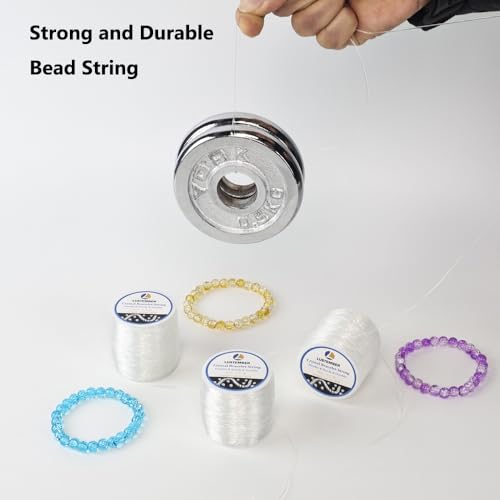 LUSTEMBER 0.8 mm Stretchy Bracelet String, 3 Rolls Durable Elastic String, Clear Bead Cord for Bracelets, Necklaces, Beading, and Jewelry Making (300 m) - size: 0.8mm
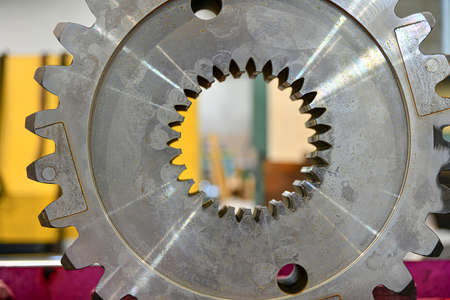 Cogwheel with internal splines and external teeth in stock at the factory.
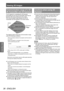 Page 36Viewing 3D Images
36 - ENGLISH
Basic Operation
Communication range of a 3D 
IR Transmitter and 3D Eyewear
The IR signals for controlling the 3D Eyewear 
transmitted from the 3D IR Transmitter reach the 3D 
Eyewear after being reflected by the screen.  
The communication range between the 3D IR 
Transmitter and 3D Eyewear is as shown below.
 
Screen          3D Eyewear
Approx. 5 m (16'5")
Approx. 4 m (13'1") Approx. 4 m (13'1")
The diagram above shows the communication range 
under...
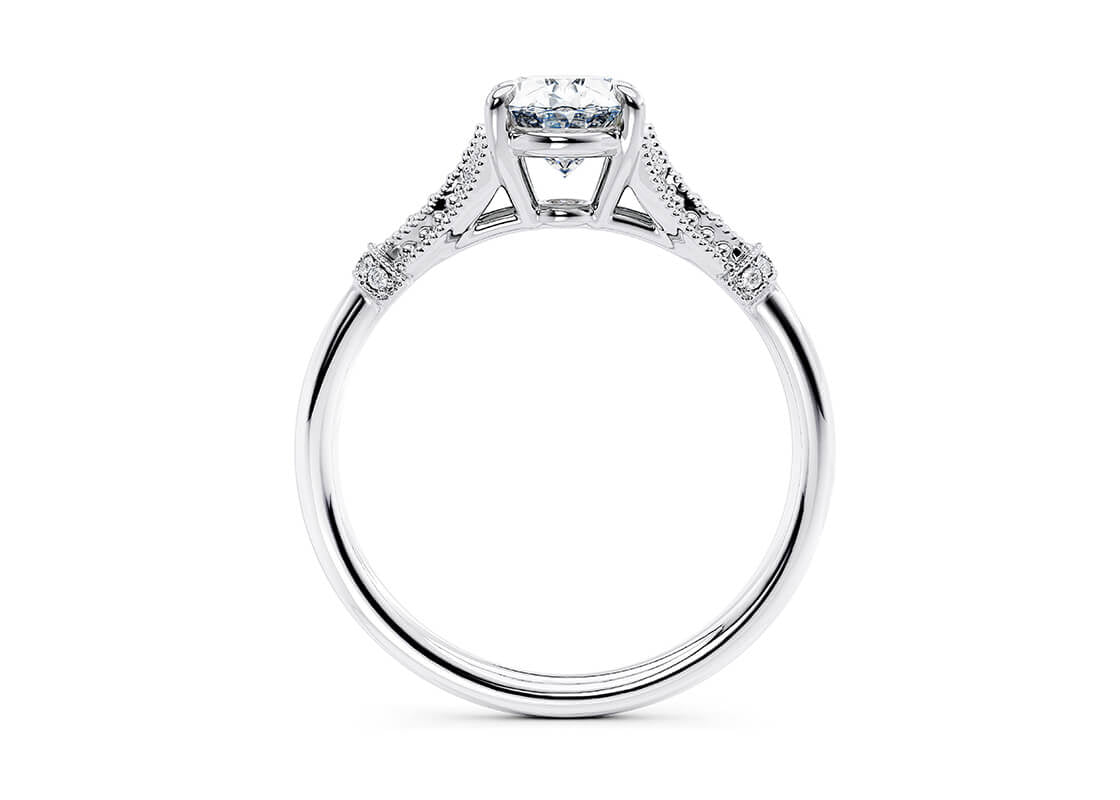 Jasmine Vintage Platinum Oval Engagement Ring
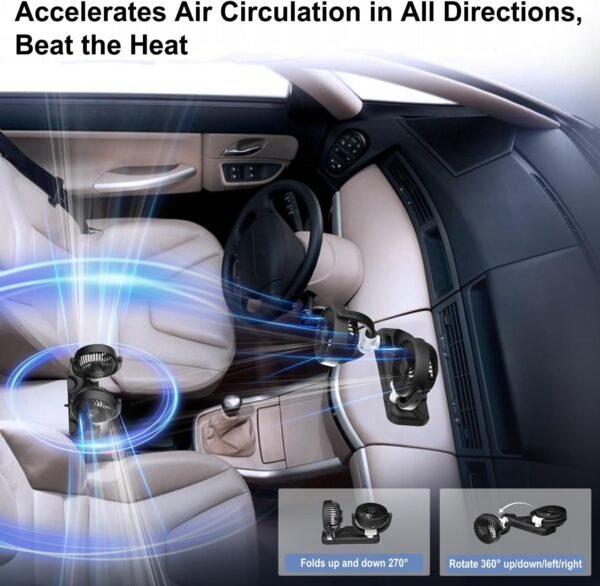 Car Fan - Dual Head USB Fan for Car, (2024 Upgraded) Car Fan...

==

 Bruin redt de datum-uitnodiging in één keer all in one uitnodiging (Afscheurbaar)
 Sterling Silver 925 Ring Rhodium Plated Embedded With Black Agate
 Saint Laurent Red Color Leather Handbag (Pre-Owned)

• Problem statement:
With the pictures omitted, copy the entries above exactly from the line containing "Communication range of a 3D" through the line containing "Car Fan - Dual", both lines included.

• Task result:
Communication range of a 3D 
IR Transmitter and 3D Eyewear
The IR signals for controlling the 3D Eyewear 
transmitted from the 3D IR Transmitter reach the 3D 
Eyewear after being reflected by the screen.  
The communication range between the 3D IR 
Transmitter and 3D Eyewear is as shown below.
 
Screen          3D Eyewear
Approx. 5 m (16'5")
Approx. 4 m (13'1") Approx. 4 m (13'1")
The diagram above shows the communication range 
under...
 Jasmine Vintage Platinum Oval Engagement Ring
 Car Fan - Dual Head USB Fan for Car, (2024 Upgraded) Car Fan...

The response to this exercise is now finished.